If your site uses emails for the login username, an attacker can easily validate if a user has an account on your service if you return a different message for an unknown login compared to a failed username and password combination. It does make things a bit less convenient for the user, but the added security is normally the better trade off.
As noted, taking away the specific message for an invalid username, trades increased security for a worse user experience. Providing a message that a login does not exist will help the user notice typos such as typing john
instead of jon
easier. That message also helps a user that does not remember which username they used on your site. Do keep in mind that these types of messages give hackers a simple and easy way to verify if a user exists on your site.

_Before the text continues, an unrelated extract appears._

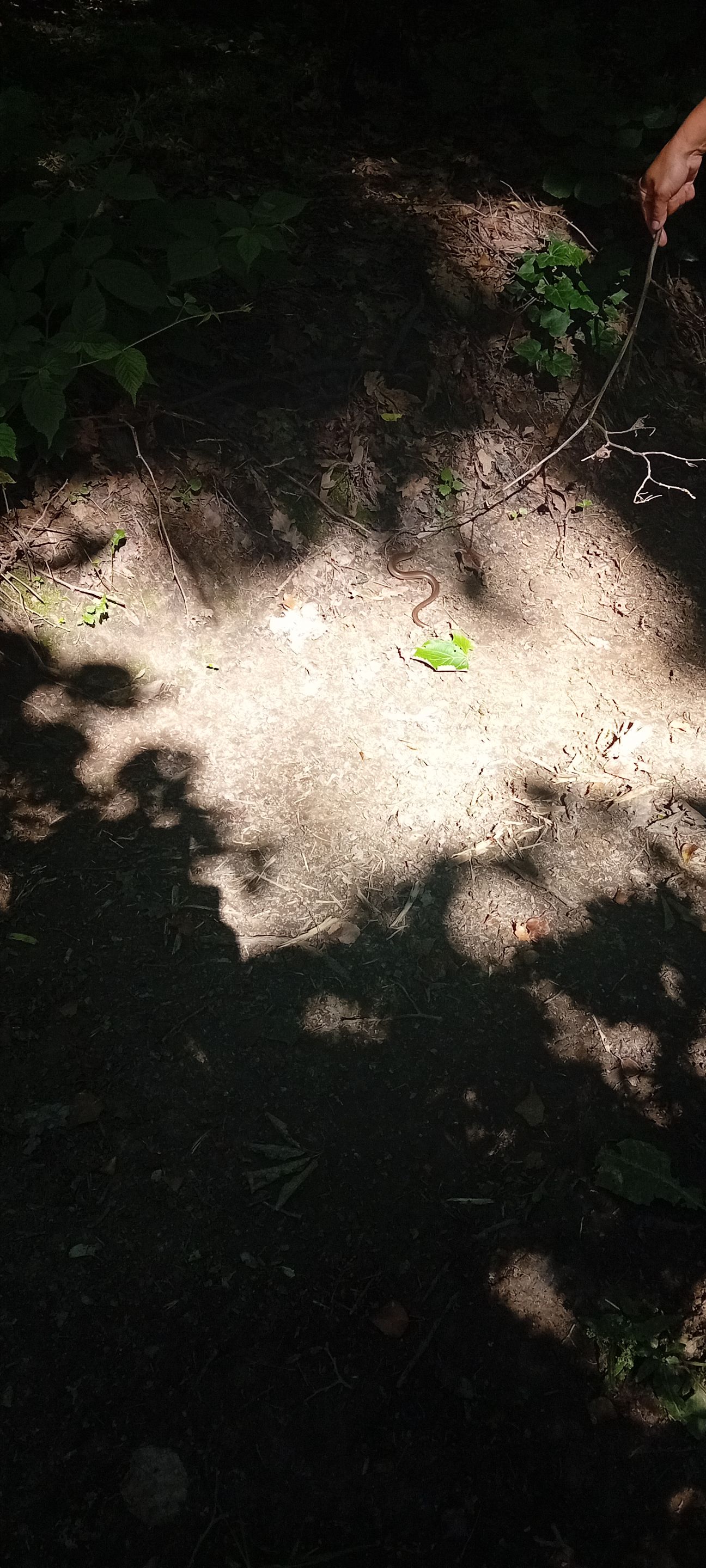 20250601_145734.jpg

You can also help foil a hacker by better handling multiple login attempts. Accidentally mistyping a username or password more than once occurs fairly commonly from a mistyped character, transposing two characters, or using the password for another site instead of the correct password. Allowing unlimited login attempts opens the door to a brute force attack of trying usernames and passwords repeatedly to determine the correct login. Automated tools and scripts speed up the process allowing a hacker to methodically work through many potential passwords, until finding the correct login.
Introducing an increasing delay time after each failed login attempt also helps foil hackers. The first login attempt happens normally. The second login is delayed a fraction of a second before returning the result. Further attempts are delayed increasingly longer before returning a response. This delay allows for minimal disruption for a legitimate user that's made a mistake, but slows down the hacker attempting to brute force the site.

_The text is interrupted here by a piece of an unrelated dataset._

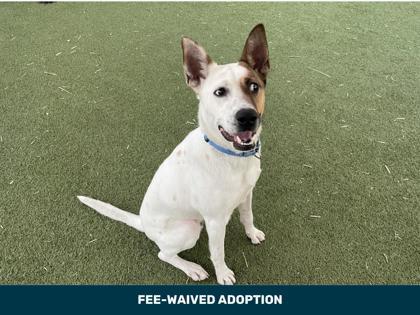 Enlarge Dasher, a Adoptable mixed breed in Phoenix, AZ image 2/3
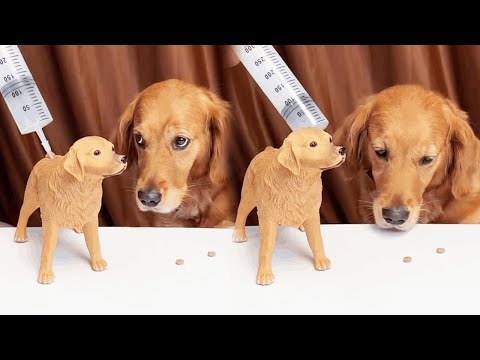 Funny Dog |Scared! Can't dogs take medicine?#cuihuastory #cute pet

For more sensitive data, a stronger approach can be taken by locking out the account after a number of failed attempts. Locking the account disables it either temporarily or permanently. The lockout stops brute force attacks as after a point, the login will not work. A temporary-disabling should have minimal affect on the user as long as a message for the reason for the lock out is displayed. A permanent lock requires the user to contact support to fix the problem and better fits logins, protecting important data.
Securing Passwords
Passwords are the most sensitive aspect of the login. Never store passwords in plain text. Never. Ever. Doing so means almost any security problem can expose login information. Even encrypted passwords should be avoided as if the hacker gains access to the encrypted data the decryption process can be much easier. Any storage where you can retrieve a password, makes it easier for a hacker to do the same.
Salting and Hashing
Passwords should be stored salted and hashed. A salt is a randomly generated, unique value stored for each login and added before hashing. Adding the salt prevents identical passwords from having the same hash and prevents a hacker from building a list of the hash result of possible password combinations in advance. By adding the random hash, a password of abc123
(please never use anything like that as an actual password) will result in a different hash for every user.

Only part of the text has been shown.